Yes, I do use elevated food bowls. Just for the reason that it keeps my large dogs comfortable. I have a tall 85 pound male Golden that has to bend really low, and spread his front paws, to reach a food bowl on the floor. So by elevating the bowl I think it makes him more comfortable at chow time. Whether or not it actually either causes or prevents bloat, I dunno.


----------



## ann g (May 6, 2010)

I use one also because my gsd is so tall, he always looked so uncomfortable bending his neck to the floor. I think bloat is probably like sids/babies, no one will ever know the exact causes.


----------



## Khan (Jan 17, 2010)

I too use elevated dishes. I actually cut the bottom of a large plastic tub waaay back in 1990 for my Rottie. I did this for the pure and simple reason of comfort for hi. Why would eating all crouched down be comfortable? Anyway, since then, I have found an "actual" food stand, and have continued to use it. Just like anything, you can find an argument for either side. I think that being aware of the activity level after a dog eats is more so the key. Kinda like what your mom use to say about swimming after you ate. :wink:
I also know that after every meal, I hear 1 Ginormous burp from Khan, and Shelby gives one up that's pretty impressive for her size!
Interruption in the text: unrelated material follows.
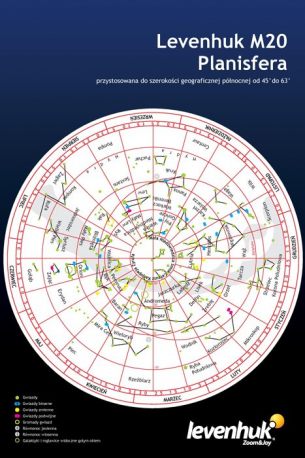 Duża planisfera Levenhuk M20 w języku polskim 21 x 31 cm obrotowa mapa nieba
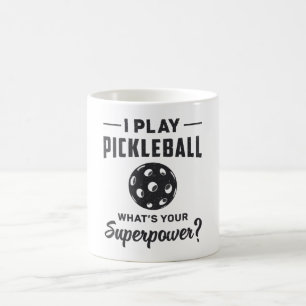 Caneca De Café Eu toco Pickleball O que é o seu Super Poder Ball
You know what they say..."Better out than in!" :biggrin:
As for to elevate or not to elevate...I think it's a matter of whatever makes the dog more comfortable. JMO.


----------



## Katie Chumlee and Shorty (Oct 22, 2010)

Yes even though the Bulldog is short his bowls are elevated. :wink:


----------



## Jack Monzon (Jul 25, 2010)

I do not elevate my bowl. It's on the floor.


----------



## BoxerMommie (Jun 26, 2008)

Not really. I have a feeder with 2 bowls in it it's "raised" but only like 6 inches off the floor. It's more to look nice and hold the bowls in their place so they don't get moved around the floor. The water bowl is just on the floor. My Boxers and my GSD have all done fine.

I think with raising bowls it may make it easier for them to eat faster which has been linked to bloat hence the association with the raised bowls, but that's just a theory on my part.


----------



## PUNKem733 (Jun 12, 2009)

No, I have a 20 pound dog. His head is less than a foot off the ground.


----------



## jdatwood (Apr 13, 2009)

Leave them elevated for comfort, SURE

Elevate them for bloat prevention, Nah....

Evidence leads towards stress as being a contributing factor for bloat, not the location of their food bowl :wink:

If anyone here is seriously concerned about bloat they should look into a Gastropexy for prevention and not worry themselves with extraneous BS like raised feeders, limiting exercise, etc...


----------



## RCTRIPLEFRESH5 (Feb 11, 2010)

BoxerMommie said:


> Not really. I have a feeder with 2 bowls in it it's "raised" but only like 6 inches off the floor. It's more to look nice and hold the bowls in their place so they don't get moved around the floor. The water bowl is just on the floor. My Boxers and my GSD have all done fine.
> 
> I think with raising bowls it may make it easier for them to eat faster which has been linked to bloat hence the association with the raised bowls, but that's just a theory on my part.


u have the large stainless steel bowls right? I have the same ones, but without the raiser. I'm just going to keep them raised for comfort.


----------



## BoxerMommie (Jun 26, 2008)

RCTRIPLEFRESH5 said:


> u have the large stainless steel bowls right? I have the same ones, but without the raiser. I'm just going to keep them raised for comfort.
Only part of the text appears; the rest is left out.